Friday, June 13, 2008

Variegated Giant Reed...A Top 10 Accent Plant

There are two scary members of the grass family in this picture: Arundo donax variegata and that huge stand of bamboo. I remember the first time that I saw the variegated Giant Reed Grass; I was passing through Luray, Virginia somewhere around 1986 and I saw a 10' circle of what looked like the most colorful corn in the world and it was at least 10' high. Wow. Spectacular. I was aware of the straight species Arundo donax, a European native escaped and naturalized in fresh and brackish waters throughout North America. In other words a scary plant that would be best kept away from. It took em a year or so to figure out what I was looking at, but over that time, I fell in love. It is a wicked plant. Having failed to locate it in the marketplace for a few years, one day after a long, hot, laborious shift of gardening, Kyle Courtney and I returned to the headhouse sweaty and weary to find the Skip March had 2 plants, propagations of his, that he was giving away. I took one and wrongly, urged the other on Kyle. She took it and planted it on the margin of an infiltration basin in the community where she lived. Luckily it somehow passed away and didn't take over the pond.

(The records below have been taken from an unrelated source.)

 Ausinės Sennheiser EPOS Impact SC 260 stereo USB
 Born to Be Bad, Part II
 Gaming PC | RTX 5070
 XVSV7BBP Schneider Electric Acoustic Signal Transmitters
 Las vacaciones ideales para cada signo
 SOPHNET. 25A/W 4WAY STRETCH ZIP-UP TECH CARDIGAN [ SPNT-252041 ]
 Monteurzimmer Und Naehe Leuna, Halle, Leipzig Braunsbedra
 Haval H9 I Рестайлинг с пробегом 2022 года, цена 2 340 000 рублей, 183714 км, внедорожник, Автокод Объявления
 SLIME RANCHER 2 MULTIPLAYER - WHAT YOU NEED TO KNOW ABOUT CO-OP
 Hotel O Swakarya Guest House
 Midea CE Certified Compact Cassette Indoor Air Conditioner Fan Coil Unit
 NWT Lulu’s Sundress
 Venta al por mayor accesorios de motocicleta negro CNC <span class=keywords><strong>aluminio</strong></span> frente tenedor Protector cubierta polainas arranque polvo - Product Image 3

Mine, planted in the gravelly sand in Adelphi, and lovingly tended, has survived these 20 years or so and delighted me every year. The dry sterility of the soil has prevented it from becoming a nuisance; it has stabilized to a point where it produces between 10 and 20 canes per year. (The canes are used to produce reeds for various woodwinds and parts for bagpipes.) Its on the west side of the back (south) garden so that the setting sun inflames the red flowers in Autumn. The variegation, here at its best, does viridiesce (turn green in the heat of summer). There is a cultivar that is supposed to keep its color all summer, but since I enjoy the provenance of my plant I will have to forego perfection.